Forty milliliters of the sample solution were taken in a screw cap glass test tube and 2 mL phosphate buffer 0.2 mol L−1, and 2.0 mL Na2CO3 0.5 mol L−1 was added to it and mixed. Then, 2 mL DTAB (0.2 mol L−1) was added, the mixture was manually shook and 2 mL KClO4 (0.02 mol L−1) was added. A cloudy suspension of solid particles dispersed in the solution was formed. The cloudy solution was centrifuged at 3200 rpm for 5 min and the aqueous phase was decanted. The sediment was dissolved in 3.0 mL of 1.0 mol L−1 HNO3, in ethanol, and the solution was aspirated directly into the flame of the atomic absorption spectrometer.

Results and Discussion

In this study, combination of in situ surfactant-based solid phase extraction with FAAS was developed for determination of trace amounts of cobalt, nickel and zinc ions. Due to interaction between DTAB and KClO4, very fine solid particles were formed and a cloudy solution was formed. After formation of cloudy solution, nickel, cobalt and zinc hydroxides were adsorbed on surface of solid particles quickly.

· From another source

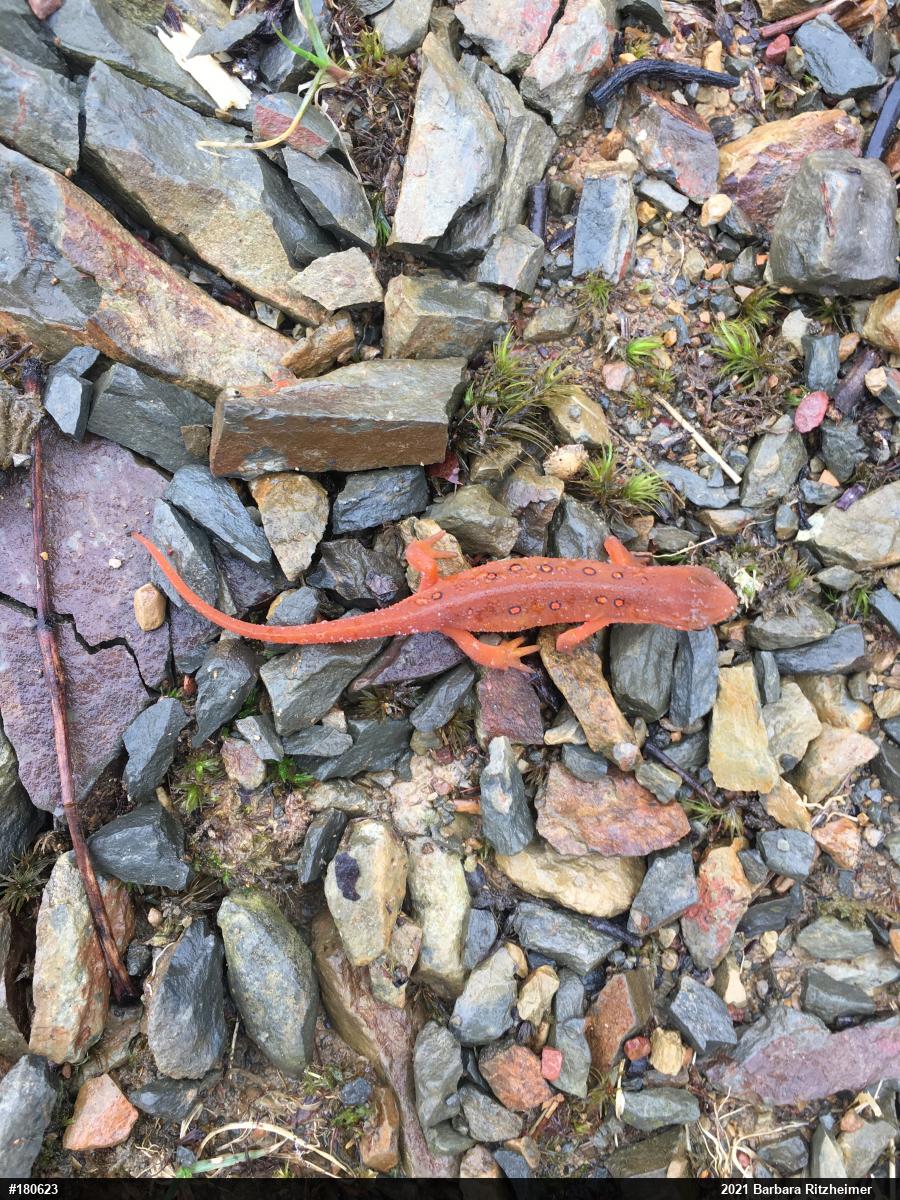 Red-spotted Newt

After centrifugation, the solid particles were sedimented at the bottom of the centrifuge tube, and the aqueous phase was decanted. After this, the solid particles were dissolved in 3.0 mL of 1.0 mol L−1 HNO3 in ethanol, and the solution was aspirated directly into the flame of AAS. In order to obtain the best conditions, several parameters affecting the performance of the LL-ISSPE procedure such as volumes of DTAB, KClO4 and Na2CO3, pH and potentially interfering ions were optimized. All experiments were performed using an aqueous solution containing 4.0 µg of cobalt, nickel and zinc.

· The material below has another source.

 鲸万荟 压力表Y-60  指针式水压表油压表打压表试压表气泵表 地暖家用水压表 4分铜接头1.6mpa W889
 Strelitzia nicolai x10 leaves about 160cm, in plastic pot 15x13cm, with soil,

Selection of appropriate anion

In LL-ISSPE procedure, the analyte ions should react with an appropriate anion. Therefore, selection of anion is very critical for LL-ISSPE procedure. Thus, several experiments were performed by adding 2 mL of various anions such as Cl, CrO42−, CNand CO32− (0.5 mol L−1), while keeping the other variable constant. The results showed recoveries higher than 90% for all analyte ions obtained with CO32−. Therefore, Na2CO3 (0.5 mol L−1) was selected for the recovery of cobalt, nickel and zinc ions in all subsequent experiments.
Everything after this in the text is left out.